Networking the mining boom

The well-documented mining boom has carried the national economy across turbulent waters in recent times. But it would not be sailing so smoothly without the support of state-of-the-art IT networks.

Digging it 24/7

But the mining game is not easy. To survive, both in a physical and trade sense, the colossal machines built to operate in mines have to be tough and the employees willing to put in the hard yakka. The appetite of emerging economies will not be sated by intermittent and unreliable supply. Consequently resource companies' IT networks also face the same expectations of resiliency and robustness.

"The criticality of having IT infrastructure and assets operational 24/7 and having a gateway to get to those assets I guess across that sector is a hot area," Hull said.

In many cases constant network availability is demanded; some players even claimed they had been asked for less than five minutes downtime a year. To achieve this, non-stop routing and virtualisation have been key technologies deployed to enable patching and maintenance to occur in the datacentre without systems going down.

"I think the concerns of the mining industry are not necessarily any different from other industries," Nortel product and solutions marketing Asia, Adam Kleemeyer, said. "They want networks that are resilient basically because they are 24 by 7 operations, so they don't want network downtime. And often mining is in remote locations but it could take time to get their parts or someone out there. So they want a network that doesn't break."

While these remote mining locations invoke images of beehive activity in desolate waste, the terrain itself does not pose significant challenges for the network. But the distance between where a user accesses the network and where the data is housed can.

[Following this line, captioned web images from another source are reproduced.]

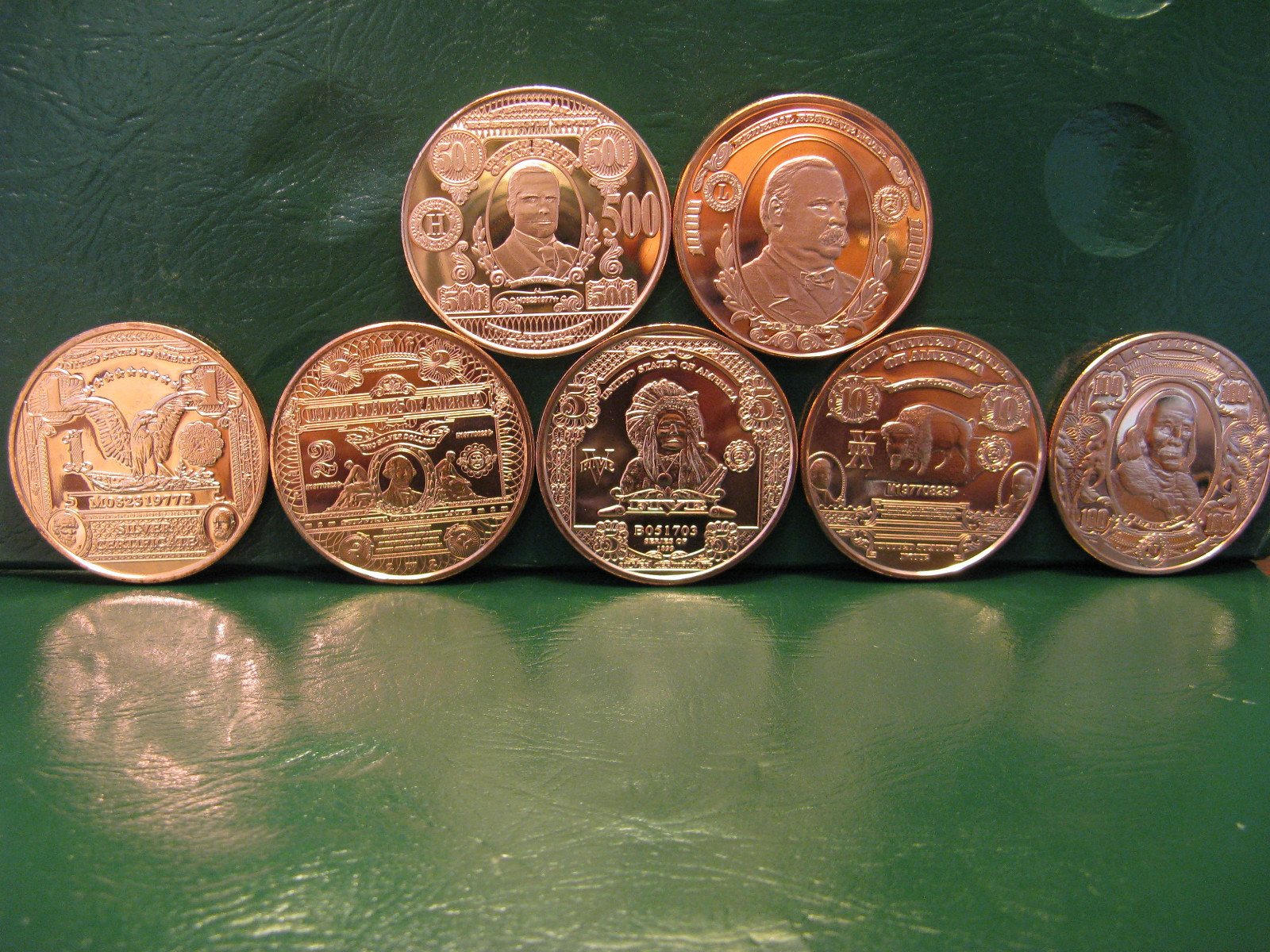 "Banknote Series" 7 Copper Round Set 1 oz .999 Copper Rounds eBay
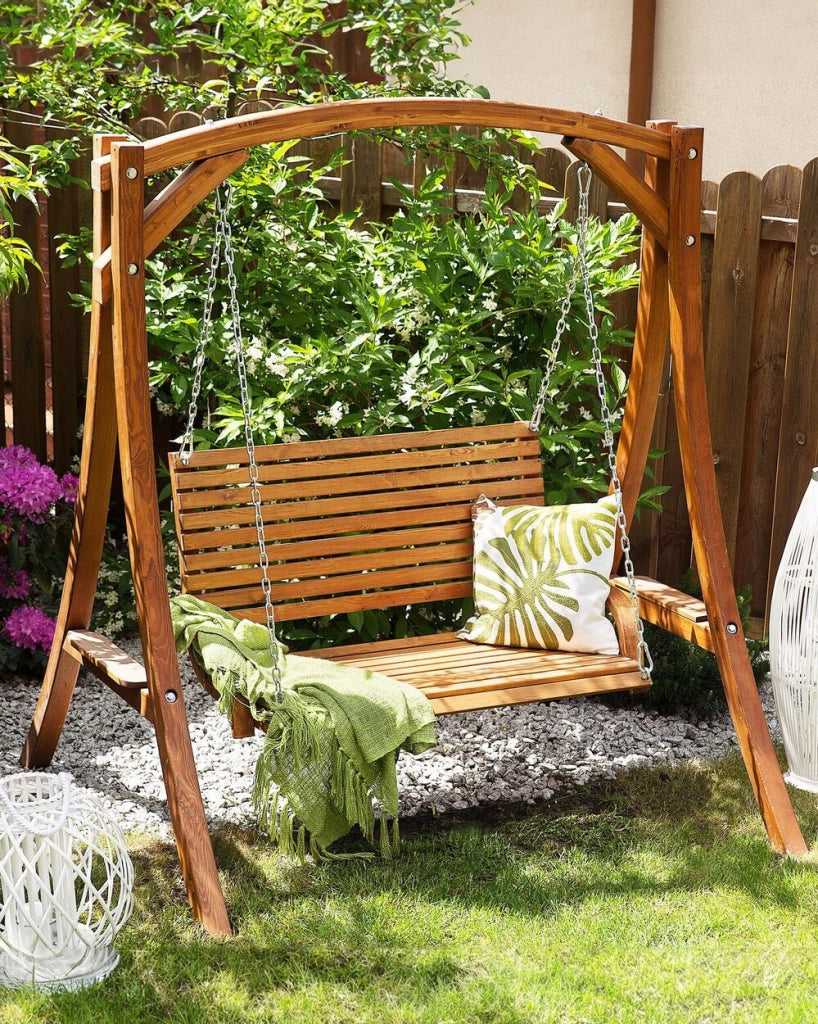 Dondolo da giardino con struttura in legno di larice da esterno a 2 posti autoportante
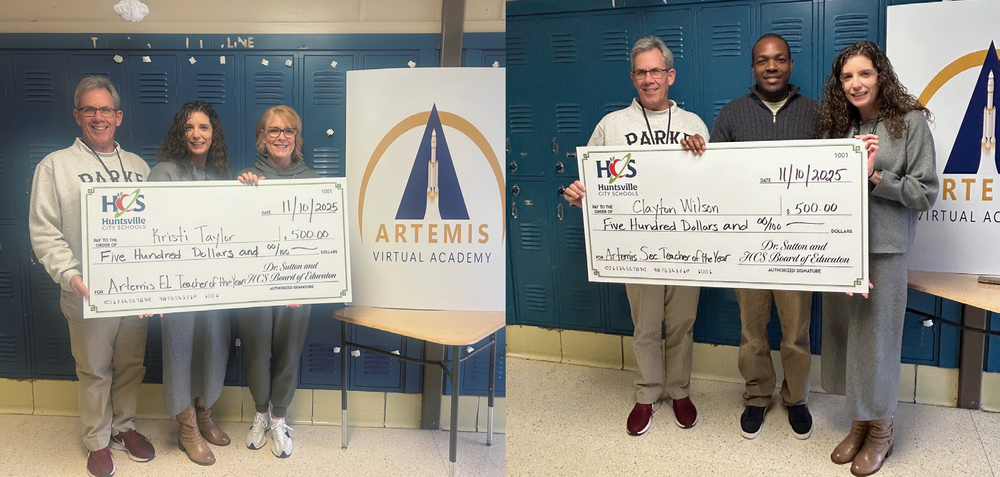 Kristi Taylor and Clayton stand beside principals Mark Fleetwood and Dr. McKinney to accept their Teacher of the Year award.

"The push from the business to have systems always available no matter where they are, no matter who they are, is a real key thing," Juniper senior systems engineer, Richard Savage, said.

And as many resource companies have expanded through mergers and acquisitions they have centralised their operations with large datacentres located in the US and Europe being employed.

"What that means is that they have a real challenge because they are global companies but in the most extreme sense they could have people in the field in Latin America, in the Middle East to the middle of the WA desert," Savage said. "So the need to get access to those applications which are now potentially on the other side of the world is a real challenge in terms of delivery, access and those kinds of things."

To get applications across the network faster and reduce latency, WAN acceleration is often utilised. If you are physically in Perth and accessing something in Houston, for example, that distance can't be overcome by throwing bandwidth at the problem, Savage said.

"We have to look at ways to actually accelerate the application. So it is allowing these guys to reach across potentially low speed links, maybe even not necessarily reliable links, and provision access in a good way and monitor what is going on."

Moreover, provisioning access to the network in a secure and timely manner for the countless contractors that work the mines at distributed locations through access control technology is also key to reducing operational costs and improving efficiency.